Transient Receptor Potential Vanniloid Type-1 (TRPV1) in Pain
The subclass of nociceptors expressing the capsaicin receptor (i.e., TRPV1 aka VR1) plays a key role in the development of pain. Animals with genetic deletion of the VR1 gene display reduced responses to thermal inflammatory hyperalgesia or to certain chemical stimuli (Caterina, Schumacher et al. 1997; Davis, Gray et al. 2000). In addition, capsaicin desensitization procedures significantly reduced behavioral responses to inflammatory injury in rats or neuropathic pain in humans (McCleane 1999; Ikeda, Ueno et al. 2001). Other studies have also lent support to the hypothesis that the TRPV1-positive subclass of nociceptors contributes to the development of inflammatory pain (Carlton and Coggeshall 2001; Chuang, Prescott et al. 2001; Kamei, Zushida et al. 2001).
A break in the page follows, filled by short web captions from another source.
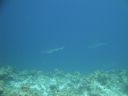 DSC00487.JPG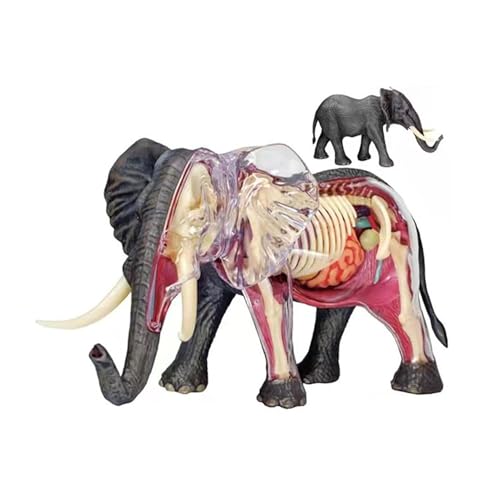 Modèle d'anatomie d'éléphant 4D haute précision scientifique - 2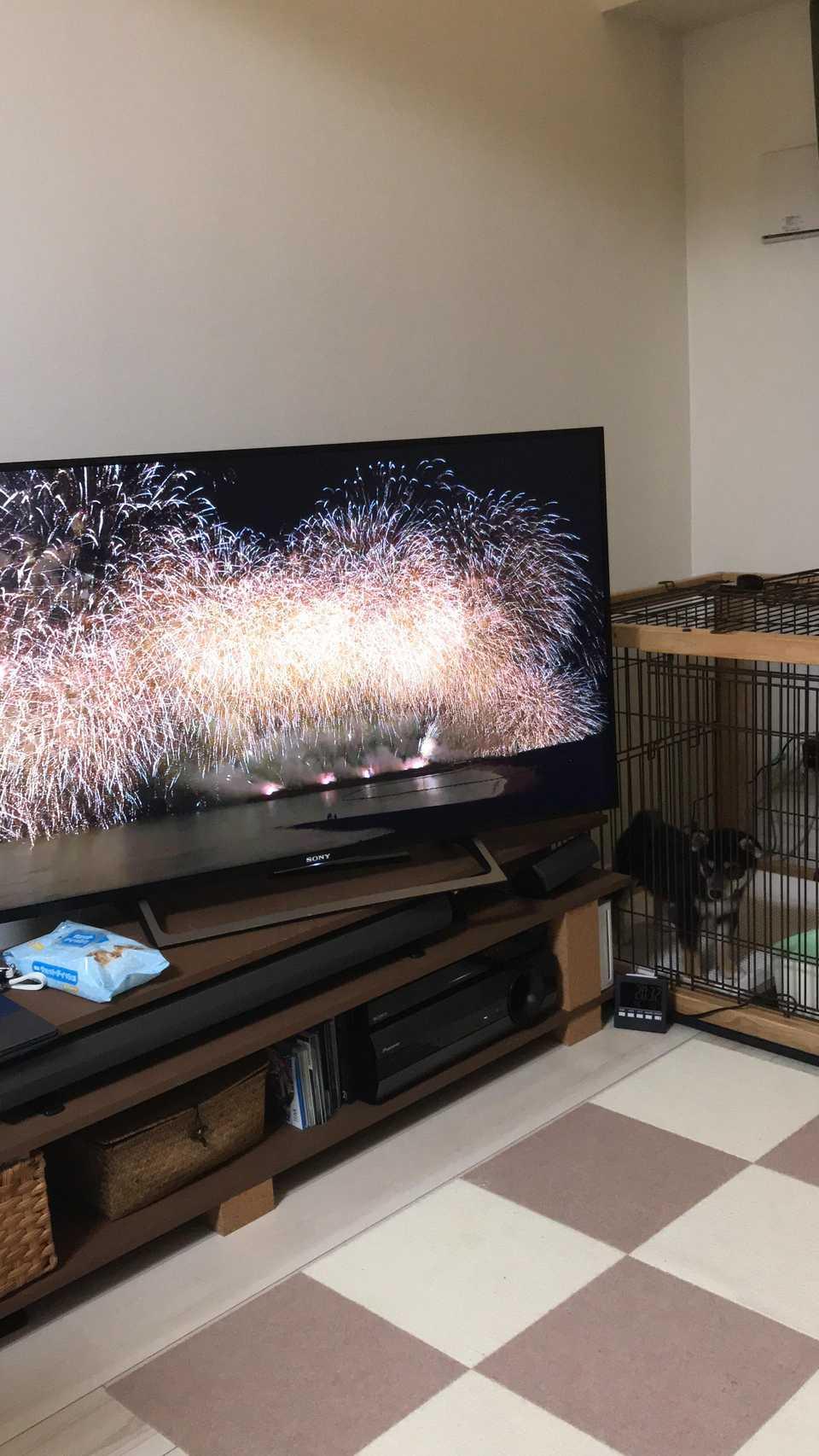 本日は安室奈美恵の引退日です(＞＜) イメージ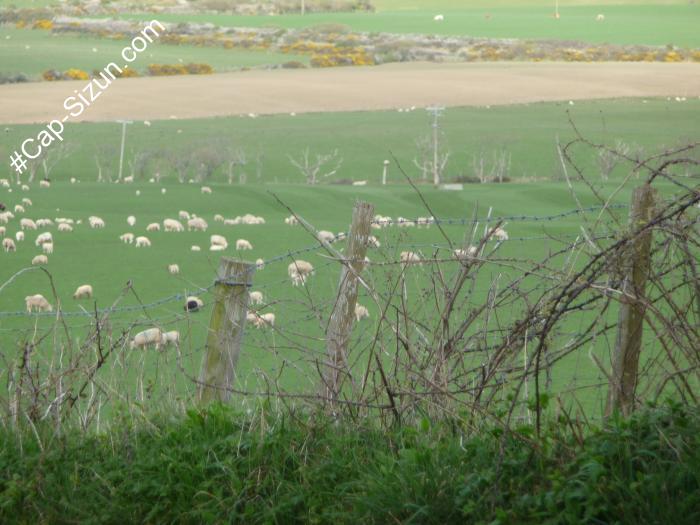 Pays de Galles Ses moutons / Bro Gembre he deñved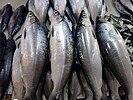 虱目魚(サバヒー)。スープ・餃子の具・鍋料理・魚団子にされる旨味の濃い食用魚。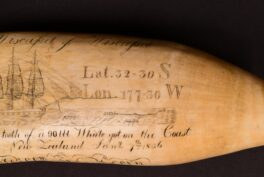 Scrimshaw, William H. Acorn, Wiscasset of Wiscasset tooth, 1836. Sperm whale tooth, NBWM, USA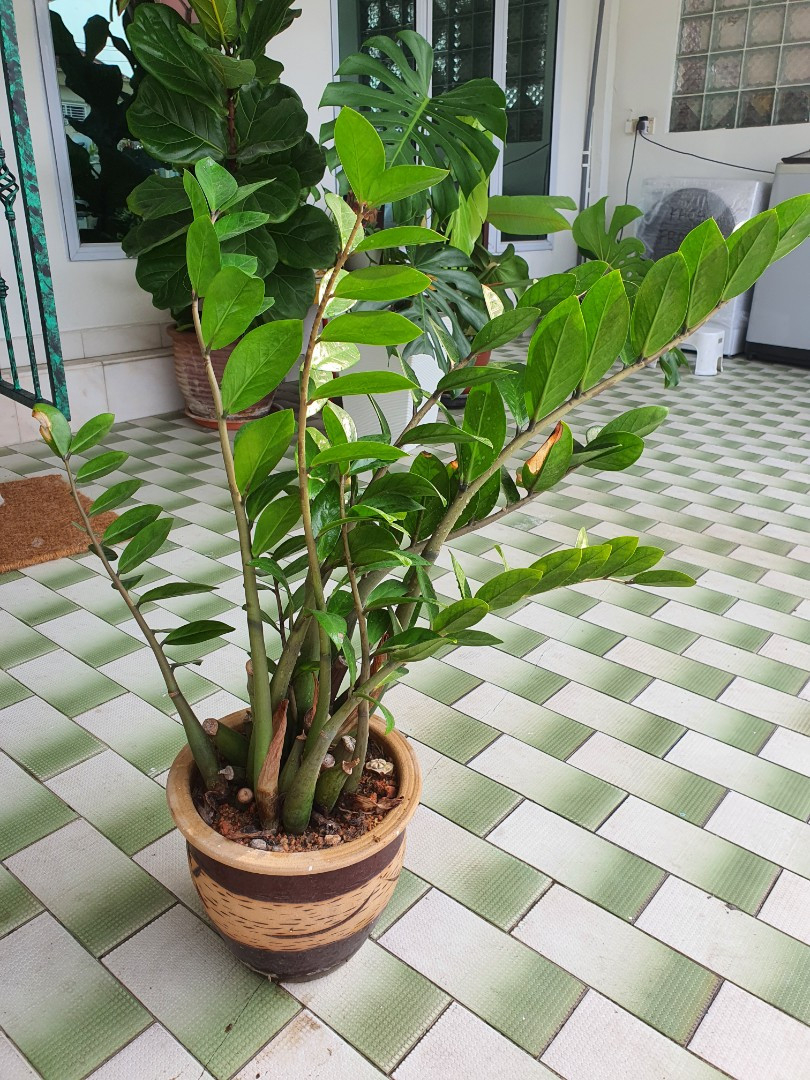 Indoor Plant - Zz Plant In Ceramic Pot, Furniture & Home Living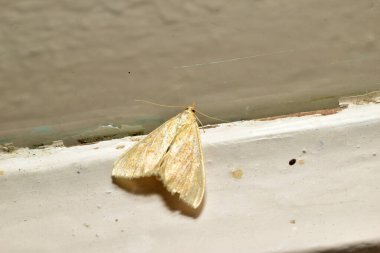 Udea rubigali, kereviz yaprağı silindiri ya da sera yaprağı silindiri, yukarıdan bakıldığında tahta bir çerçeveye oturur..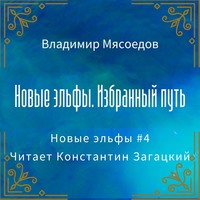 . Новые эльфы. Избранный путь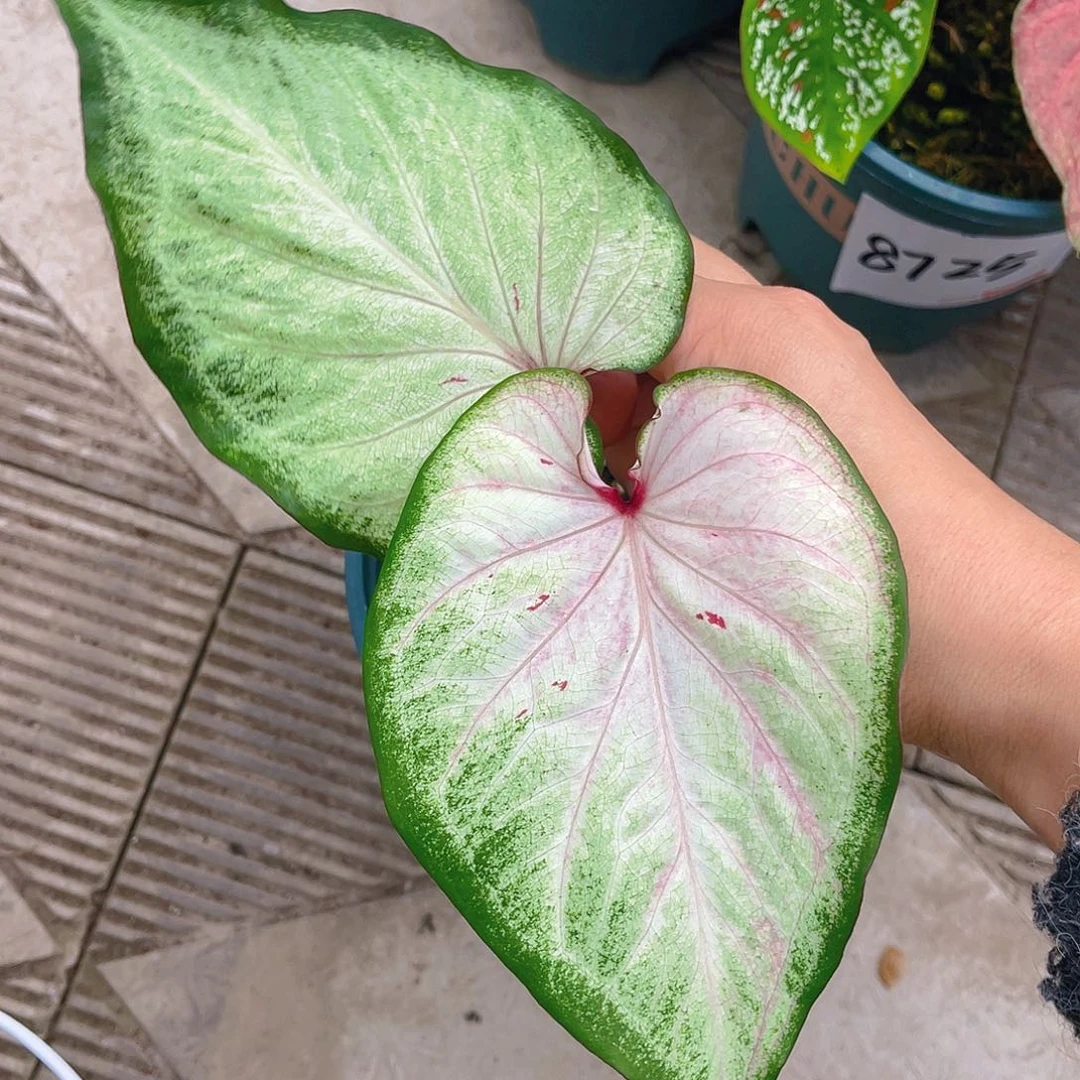 完全开放一物一拍8722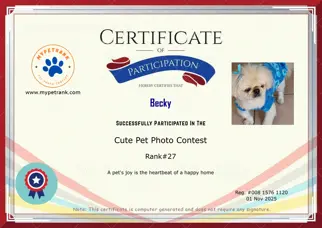 Certificate Preview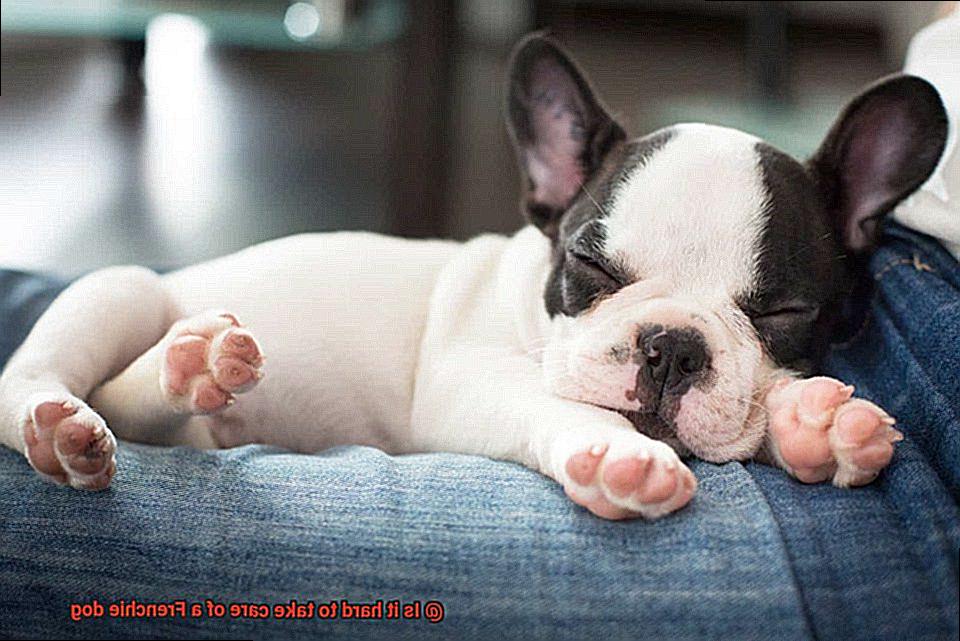 Is it hard to take care of a Frenchie dog-10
Further, the TRPV1-positive subclass of nociceptors mediates thermal hyperalgesia and dynamic (i.e., stroking with cotton wisp) but not static (i.e., von Frey filaments) mechanical allodynia in neuropathic pain (Ossipov, Bian et al. 1999; Chuang, Prescott et al. 2001). Collectively, these studies indicate that the TRPV1-expressing class of nociceptors is a major sensory system for transduction of noxious peripheral stimuli.